I opened my right hand and blew.
The powder was very fine - ground from three specific dried roots that I had sourced carefully and stored longer than I’d originally planned for. Colourless. Odourless until the moment of dispersal.
The guard inhaled.
Then slumped and collapsed.
I took his keys, walked toward Merrick’s cell and inserted it.
Merrick was on his feet before the door was fully open.
He had clearly not slept.
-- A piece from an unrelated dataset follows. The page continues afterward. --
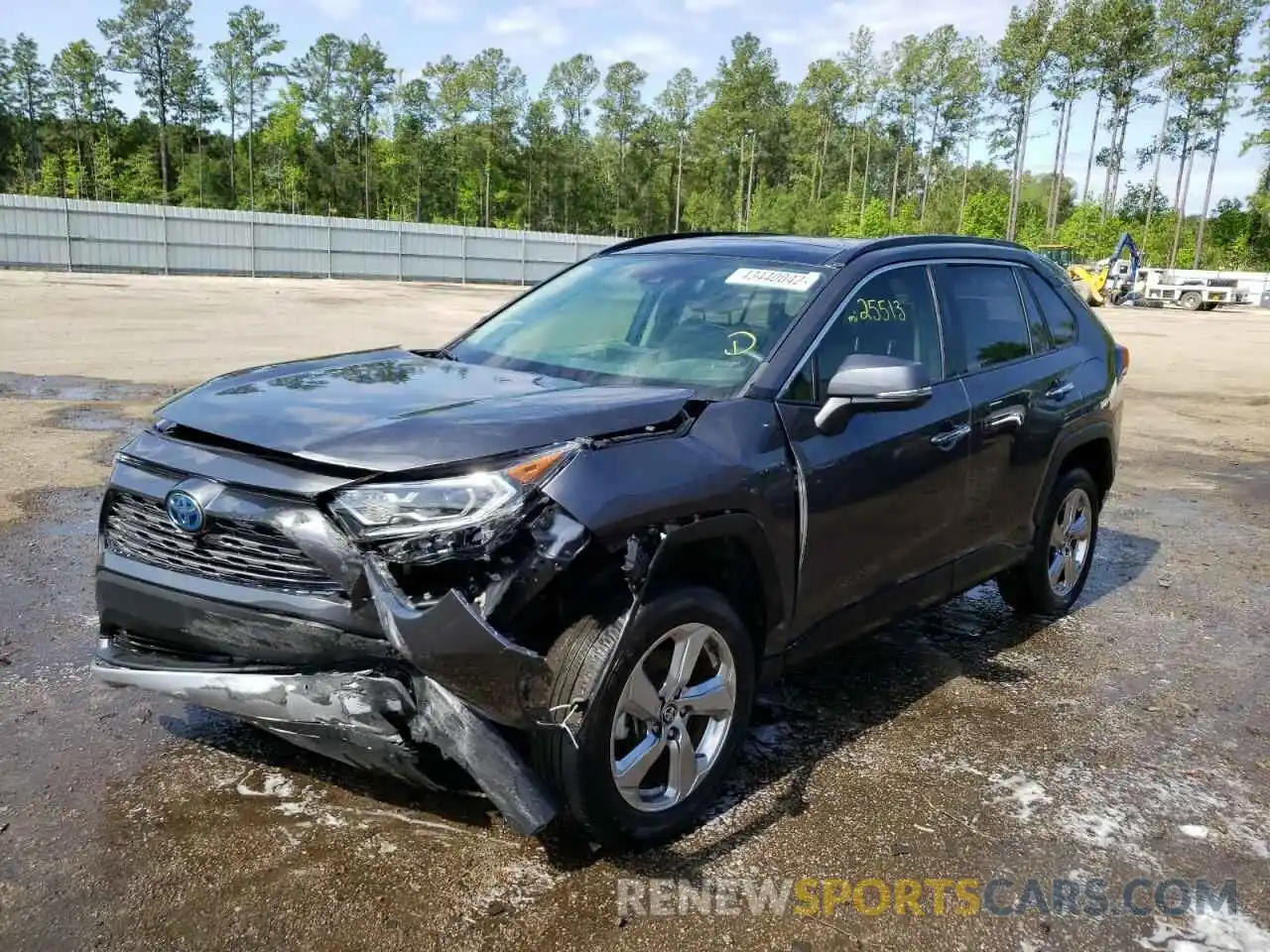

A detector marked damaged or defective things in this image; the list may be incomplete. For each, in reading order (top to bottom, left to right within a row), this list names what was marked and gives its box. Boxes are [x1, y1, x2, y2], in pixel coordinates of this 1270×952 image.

damaged gray suv [93, 234, 1127, 848]
damaged front wheel well [640, 537, 767, 664]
His hair was dishevelled and stripped of its usual ease.
He’d definitely been thinking about her.
"Sheena." His voice was controlled.
"We need to move quickly," I said. "The ceremony starts at moonrise - we have perhaps an hour."
He was already through the door. "How did you..."
"Later." I turned and moved back down the corridor. "Are you hurt?"
"No." His footsteps behind me were quiet. "Does he know you’re doing this?"
"He told me to prepare the marriage rites." I didn’t break stride. "He didn’t specify which marriage."
A brief pause. "Sheena."
"If Angel is truly the shared mate of both the Alpha and his twin, then sealing a bond with only one of you is a violation of sacred law that even Terrell cannot undo by deciding to ignore it."
"My lady!"
Lyra’s voice, through the bars, with a pitch of desperation that cut through the dungeon quiet.
I did not stop walking.
"Please..." Her voice followed us toward the stairs. "Please, I helped her... I was only trying to help..."
Merrick glanced back once.
I put my hand briefly on his arm. "No. We don’t have time. We must leave her."
He held the glance for one more second.
Then he turned and followed me up the stairs.
Behind us, in the corridor, Lyra’s voice finally fell quiet.
The door at the top of the stairs swung open onto the night.
Above us, heavy and gold and enormous and rising, the full moon had begun its climb.